The Macomb County memorandum of understanding describes the role of the prosecuting attorney. However, it does not provide any procedure for a prosecuting attorney to approve admission of a defendant into drug treatment court when that defendant's sentence deviates from the sentencing guidelines.
The prosecutor contends that he did not approve of Baldes's admission into drug treatment court. We agree. The prosecutor clearly indicated on the record that he did not support admitting Baldes into drug treatment court because doing so would constitute a large deviation from Baldes's sentencing guidelines. Accordingly, the prosecutor not only did not approve of Baldes's admission to drug treatment court, he expressly disapproved.
Baldes contends that the prosecutor approved his admission into drug treatment court when (1) a different assistant prosecutor previously approved his admission into the drug treatment court when the prosecutor signed a screening document, or (2) the prosecutor participated in the drug treatment court team meeting without objection. We disagree.
The drug treatment court statute provides that, to be admitted to drug treatment court, an individual must “complete a preadmissions screening and evaluation assessment[.]” MCL 600.1064(3). The screening document in this case did not state that it constituted approval of the individual's admission into the drug treatment court program. The document is titled “ screener's checklist.” It includes eight requirements and then indicates that, if a person does not meet the requirements, the “candidate is not eligible and should not be referred for assessment.” A prosecutor signed at the bottom of the form above the words “Approved, Assistant Prosecutor.”
There is simply nothing on the screening checklist that indicates that the prosecutor approved admitting Baldes into drug treatment court, much less did so when his admission deviated from the sentencing guidelines. Nothing on the screening checklist indicates that the prosecutor approved admitting Baldes into the program if he satisfactorily completed the assessment. Rather, the language of the form clearly indicates that it only refers Baldes for an assessment. We conclude that the prosecuting attorney's decision to sign the referral form did not constitute a waiver or approval.

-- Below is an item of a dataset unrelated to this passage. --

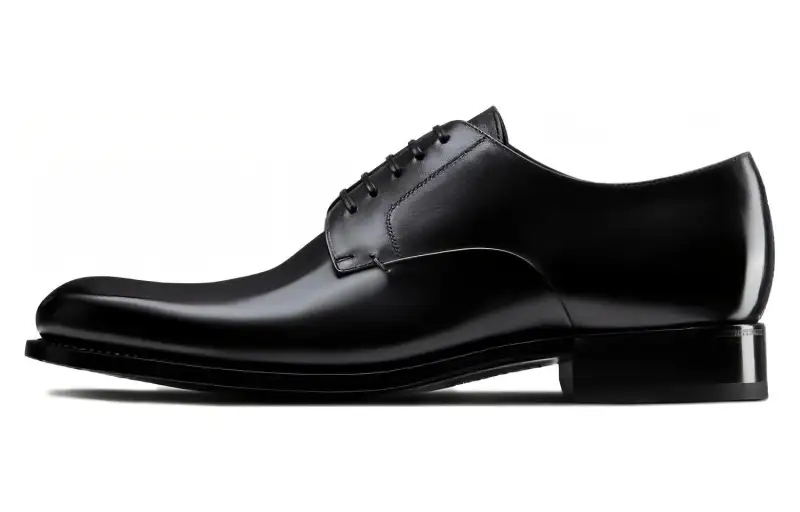 DIOR Dress Shoes Men's Low Top Black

We also conclude that we may not infer the prosecutor's approval from the prosecutor's failure to object before the sentencing hearing. A party's failure to timely assert a right constitutes a forfeiture, not a waiver. See People v. Carter, 462 Mich. 206, 215, 612 N.W.2d 144 (2000). Even if we accept Baldes's assertion that the assistant prosecutor was present at the team meeting, there is simply no record of the drug treatment court team meeting, and thus we have no record of whether the prosecuting attorney approved admitting Baldes into the drug treatment court at the team meeting, or simply failed to object. The only record is that the prosecutor was silent before the second sentencing hearing. We conclude that a prosecutor's silence is not sufficient to constitute approval under MCL 600.1068 and does not waive the prosecutor's right to later demand enforcement of the sentencing guidelines.
In sum, we conclude that the trial court erred when it admitted Baldes into drug treatment court when doing so constituted a departure from Baldes's sentencing guidelines recommendation and the prosecutor did not approve. It may be the best practice for a prosecutor to waive any deviation from the sentencing guidelines in writing, but an oral approval on the record at the plea, sentencing, or other hearing would be sufficient. However, courts may not admit a defendant into a drug treatment court program when doing so departs from the sentencing guidelines and the prosecutor has not approved.
We vacate and remand for resentencing. We do not retain jurisdiction.
BOONSTRA, P.J., and SAWYER, J., concurred with O'CONNELL, J.